*Directions for this task*
Restate the records that follow word for word; no pictures should appear.
[Start of section]
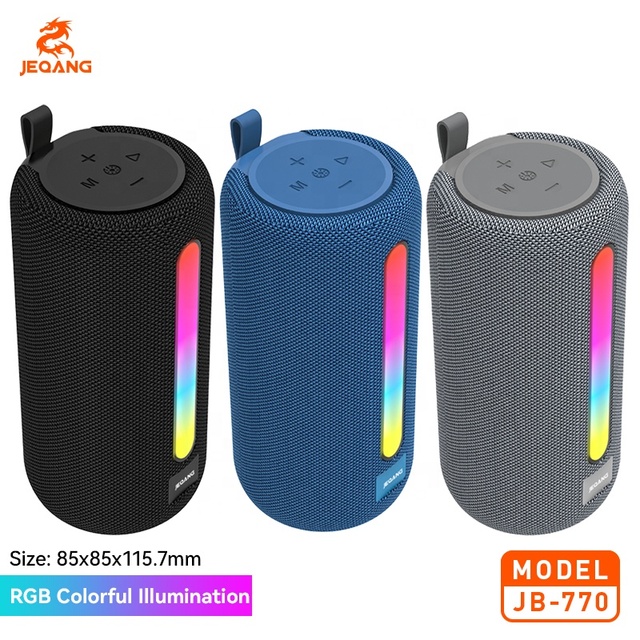 Jeqang JB-770 Portable Wireless BT Speaker with RGB LED Lighting 360 Surround Sound IPX4 Waterproof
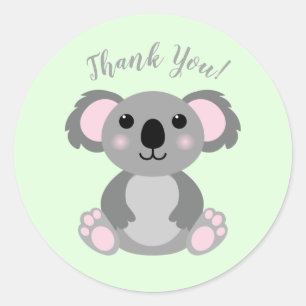 Koala Bear Baby Shower Classic Round Sticker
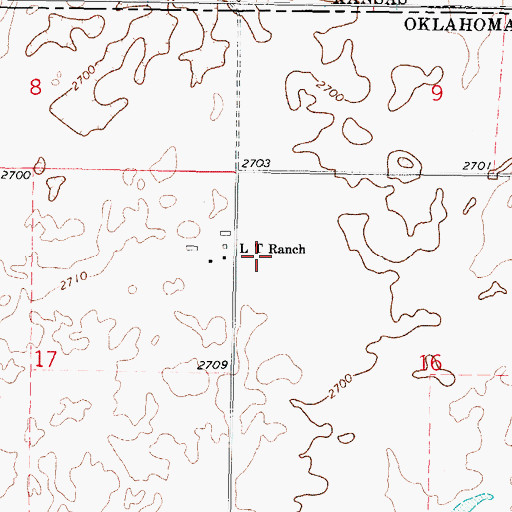 Topographic Map of L T Ranch, OK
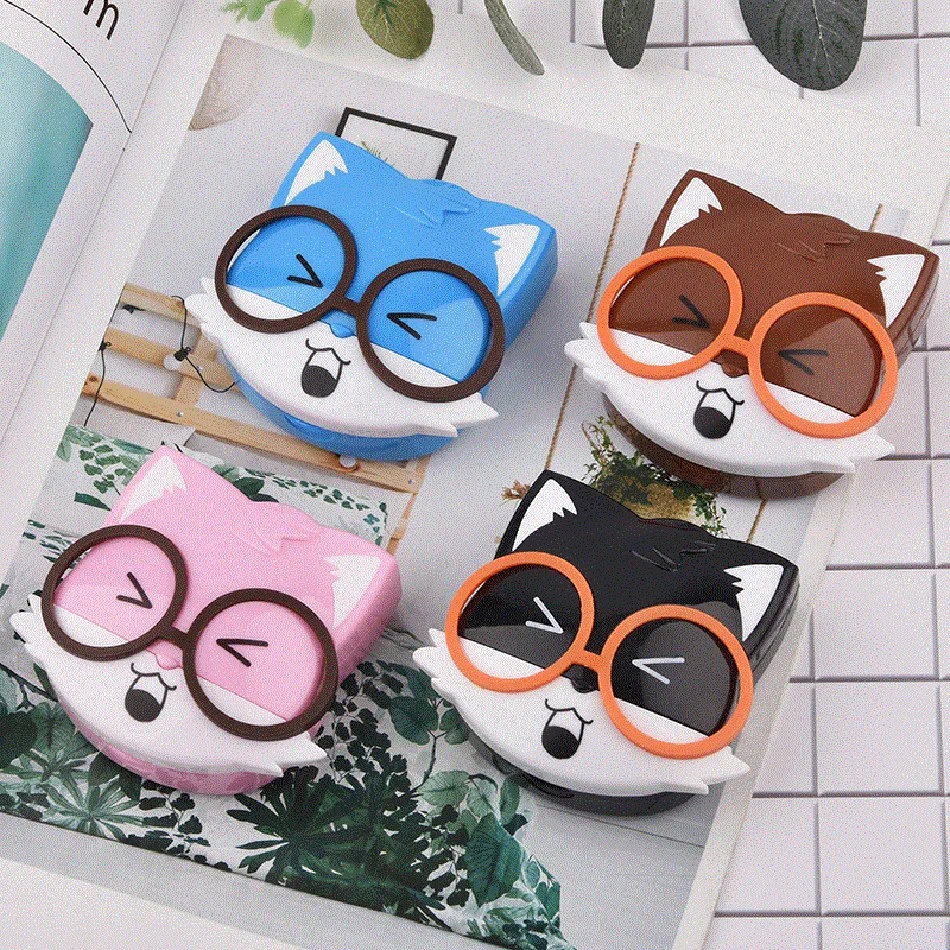 AudWhale милый мультфильм лиса контейнер для линз Женская Девушка контакт объектив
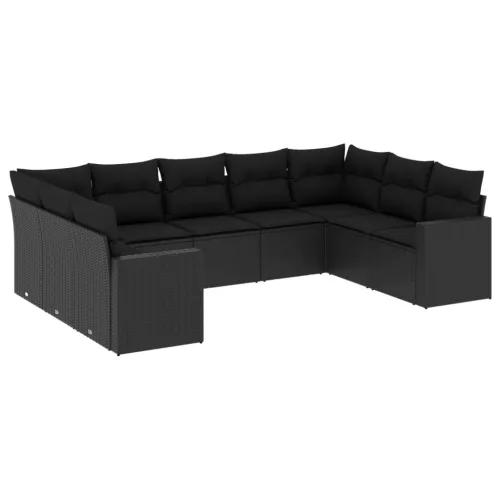  9 részes fekete polyrattan kerti ülőgarnitúra párnákkal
[End of section]
*Task solution*
 Jeqang JB-770 Portable Wireless BT Speaker with RGB LED Lighting 360 Surround Sound IPX4 Waterproof
 Koala Bear Baby Shower Classic Round Sticker
 Topographic Map of L T Ranch, OK
 AudWhale милый мультфильм лиса контейнер для линз Женская Девушка контакт объектив
  9 részes fekete polyrattan kerti ülőgarnitúra párnákkal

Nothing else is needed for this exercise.